When I rose it was with a purpose. I decided to shower because being dirty isn’t cool, I dressed in all black to fit my mood, and I set out for the office. My car is a big dirt bomb littered with packing peanuts and granola bar wrappers, detritus and filth. It’s not cool, either, but I’m not tethered to it and anyway the thing takes longer to clean. The office was soothing: grey, organized, clean. Filtered light, no noise, no motion. When did chaos become the enemy? I posture like I’m on the side of chaos, in reality I find it profoundly upsetting. I need distance from sound, light, distraction. I need space to think.

A blind tasting is an attempt to remove chaos and distraction from the playing field, leaving only the essential things, flavor, color, aroma, and texture on the table. The absence of codes, markers, aesthetic presets, the void permits more ruminative and creative thought about what our senses are being presented with in these crumpled brown paper bags. Twenty-eight brown paper bags, casually linked by the word Chianti.
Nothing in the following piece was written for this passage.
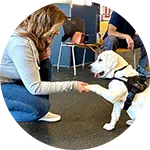 A woman kneels on the floor, interacting with a Labrador retriever wearing a harness. The dog is extending its paw towards her as part of a dog training session. In the background, a few people are seated in a training facility.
In some part due to my torpor preceding the tasting, the final hours had to be focused, on task. I wrote two pages of discussion topics to be distributed pre-tasting, and six pages of producer notes to be handed out once the sipping and spitting was done. I baked a pasta. I set up tables and chairs, bought glasses and more Chianti, 11th hour additions to the crowded field. Bread, cheese, crackers, plates, water pitchers, minutiae. Unthinking time. Chugging through a to-do list.

If your life contains events such as these, you’ll recognize that by the time you reach this stage, the tablecloths-and-flowers stage, the event is really over. There’s nothing substantive that you can do to change its direction, short of having a meltdown or a moment of unlikely epiphany. Once the first participants found our front door (no small feat, I’d forgotten to send out the gate code to unlock the warehouse complex) my stress level/threat index descended a couple of color bars, my core reactor temperature returned to the normal range, and I settled into jokey small talk and the realization that no matter what type of event I was attempting to stage, this is the one we’ve got, and it’s time to roll with it.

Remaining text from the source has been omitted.